Perante todas as caraterísticas e benefícios da calçada portuguesa está neste momento a ser preparada a candidatura a Património Cultural Imaterial da Humanidade da UNESCO pela Associação Calçada Portuguesa, da qual fazem parte a Câmara Municipal de Lisboa, a Associação Portuguesa dos Industriais de Mármores, Granitos e Ramos Afins (ASSIMAGRA), a União das Cidades Capitais Luso-Afro-Américo-Asiáticas (UCCLA) e o Grupo Português da Associação Internacional para a Proteção da Propriedade Intelectual (AIPPI).

Esta candidatura deverá mover-nos a todos pois é um património de todos os portugueses que importa preservar e valorizar.

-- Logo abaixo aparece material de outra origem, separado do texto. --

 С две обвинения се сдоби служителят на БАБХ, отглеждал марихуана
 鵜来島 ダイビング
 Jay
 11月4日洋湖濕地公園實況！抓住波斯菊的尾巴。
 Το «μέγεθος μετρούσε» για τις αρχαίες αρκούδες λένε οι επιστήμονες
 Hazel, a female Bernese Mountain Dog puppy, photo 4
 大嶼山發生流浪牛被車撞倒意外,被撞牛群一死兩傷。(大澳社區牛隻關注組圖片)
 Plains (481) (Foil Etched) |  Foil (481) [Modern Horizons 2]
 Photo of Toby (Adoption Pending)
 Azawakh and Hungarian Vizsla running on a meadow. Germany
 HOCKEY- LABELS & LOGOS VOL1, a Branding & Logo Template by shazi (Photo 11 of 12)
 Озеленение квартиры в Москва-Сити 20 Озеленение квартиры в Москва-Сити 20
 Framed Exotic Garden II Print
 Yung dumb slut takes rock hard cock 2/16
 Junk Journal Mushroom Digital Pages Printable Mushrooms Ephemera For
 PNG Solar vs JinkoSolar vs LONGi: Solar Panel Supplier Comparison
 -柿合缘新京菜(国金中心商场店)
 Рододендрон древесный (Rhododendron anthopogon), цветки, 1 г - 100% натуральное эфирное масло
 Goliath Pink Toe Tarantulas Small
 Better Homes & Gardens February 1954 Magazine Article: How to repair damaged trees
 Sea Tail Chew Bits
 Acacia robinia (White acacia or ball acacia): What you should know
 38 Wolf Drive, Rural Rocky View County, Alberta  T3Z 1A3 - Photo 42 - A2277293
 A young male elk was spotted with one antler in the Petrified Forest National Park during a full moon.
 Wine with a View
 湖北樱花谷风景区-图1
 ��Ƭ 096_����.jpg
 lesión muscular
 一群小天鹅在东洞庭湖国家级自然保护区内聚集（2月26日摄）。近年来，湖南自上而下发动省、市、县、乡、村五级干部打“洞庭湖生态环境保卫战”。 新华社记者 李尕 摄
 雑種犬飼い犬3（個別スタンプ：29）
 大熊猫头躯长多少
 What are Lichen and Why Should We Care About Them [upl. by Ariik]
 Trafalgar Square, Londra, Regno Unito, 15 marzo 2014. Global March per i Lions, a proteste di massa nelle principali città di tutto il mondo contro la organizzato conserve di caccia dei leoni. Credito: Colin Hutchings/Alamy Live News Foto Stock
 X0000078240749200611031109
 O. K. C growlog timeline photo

Reconhecendo que muitas das responsabilidades relacionadas com a calçada portuguesa, como a sua colocação e manutenção, são competência do poder local, o que o Partido Ecologista Os Verdes pretende trazer à discussão, através do presente Projeto de Resolução, é a valorização da calçada portuguesa, da profissão de calceteiro e o apoio da candidatura a Património Cultural Imaterial da Humanidade, matérias que podem e devem ser objeto de intervenção por parte do Governo, uma vez que se trata de um património de todos nós.

Assim, nos termos constitucionais e regimentais aplicáveis, os deputados do Partido Ecologista Os Verdes, apresentam o seguinte Projeto de Resolução:

A Assembleia da República recomenda ao Governo que desenvolva as diligências necessárias com vista:

1. À valorização e defesa da calçada portuguesa, uma expressão artística tradicional e distintiva de Portugal.

2. À valorização e dignificação da profissão de calceteiro, genuinamente portuguesa e intimamente ligada ao património cultural do nosso país.

3. Ao apoio à candidatura da calçada portuguesa a Património Cultural Imaterial da Humanidade da UNESCO.